▸ **Work to complete**:
Give back every entry exactly as it is written, but not the pictures.

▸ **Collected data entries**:
****************

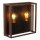 Außenleuchte Alu Rostbraun Rauchglas E27 IP65 T:10,4 cm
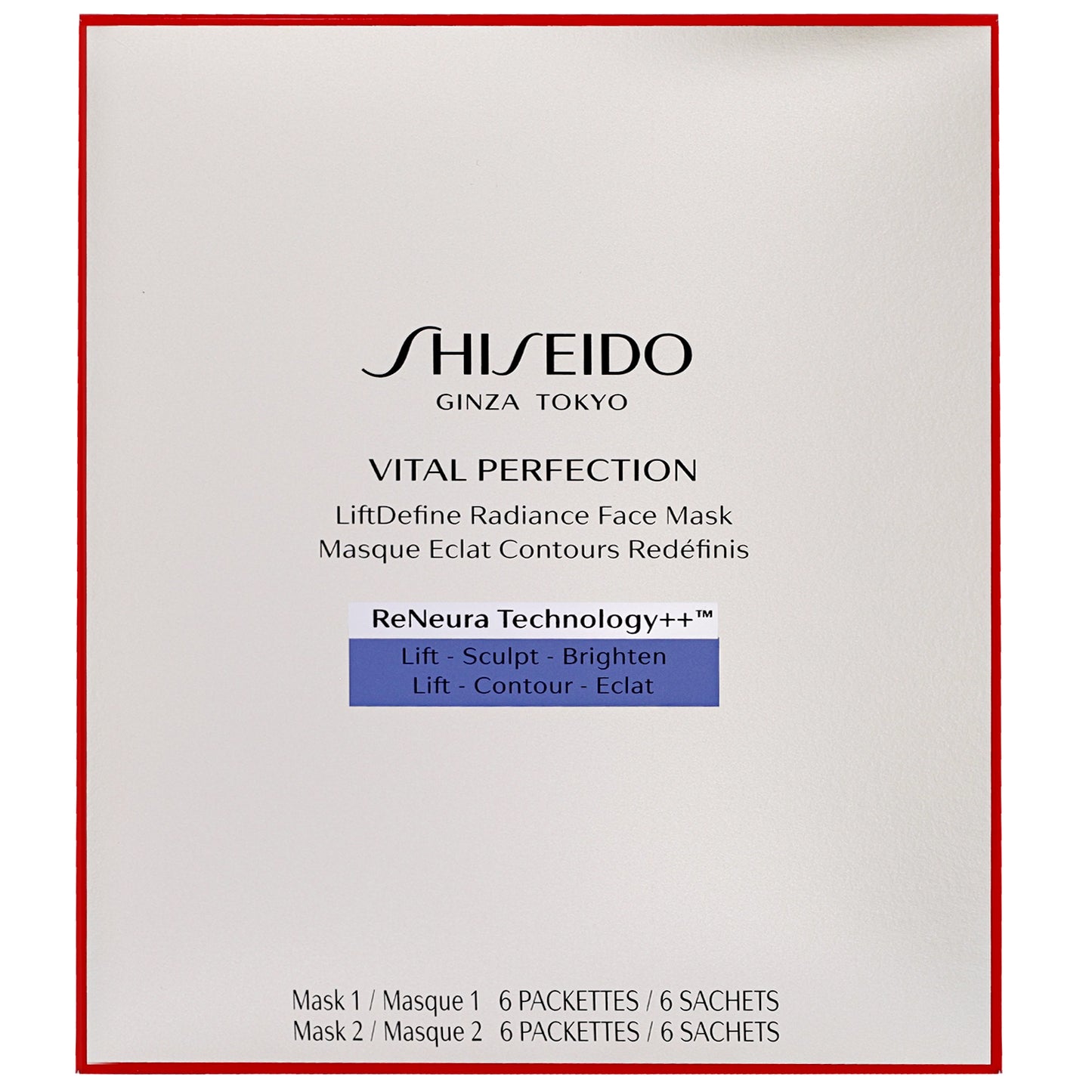 Shiseido Vital Perfection LiftDefine Radiance Face Mask x 6 Sheets - Additional 1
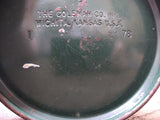 Vtg 1978 Green Coleman Double Mantle Gas Camping Lantern Model 220J Good Shape!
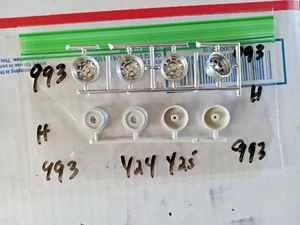 fOUR (4) Chrome Wheels 1/24/25 scale Package # 993 GREAT FOR CAR OR PICKUP - Picture 1 of 3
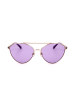 Swarovski Damskie okulary przeciwsłoneczne w kolorze różowozłoto-fioletowym
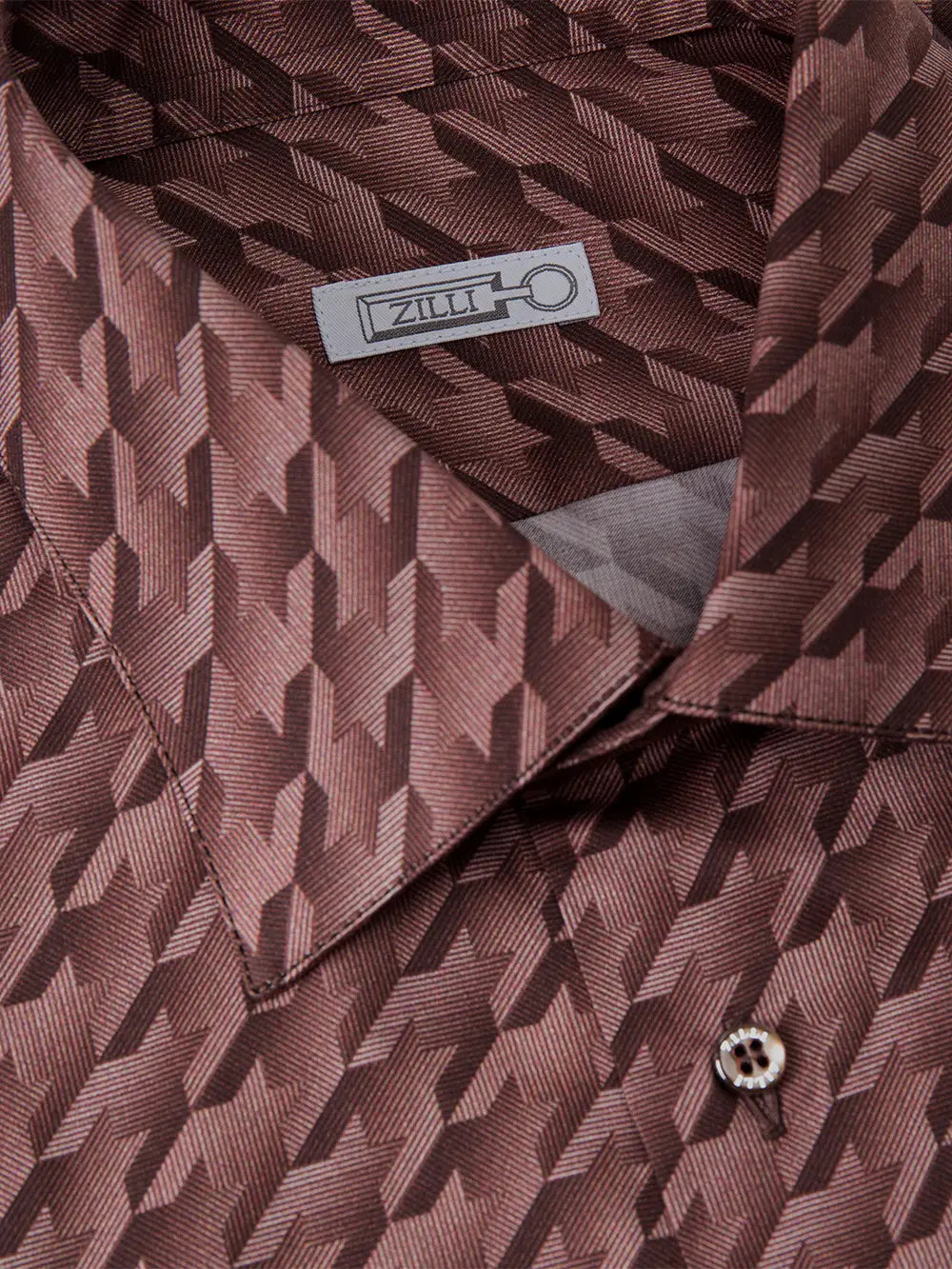 Long Sleeves Shirt with Houndstooth Pattern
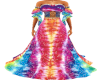 Rainbow Bridal Gown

****************

▸ **Output of the exercise**:
 Außenleuchte Alu Rostbraun Rauchglas E27 IP65 T:10,4 cm
 Shiseido Vital Perfection LiftDefine Radiance Face Mask x 6 Sheets - Additional 1
 Vtg 1978 Green Coleman Double Mantle Gas Camping Lantern Model 220J Good Shape!
 fOUR (4) Chrome Wheels 1/24/25 scale Package # 993 GREAT FOR CAR OR PICKUP - Picture 1 of 3
 Swarovski Damskie okulary przeciwsłoneczne w kolorze różowozłoto-fioletowym
 Long Sleeves Shirt with Houndstooth Pattern
 Rainbow Bridal Gown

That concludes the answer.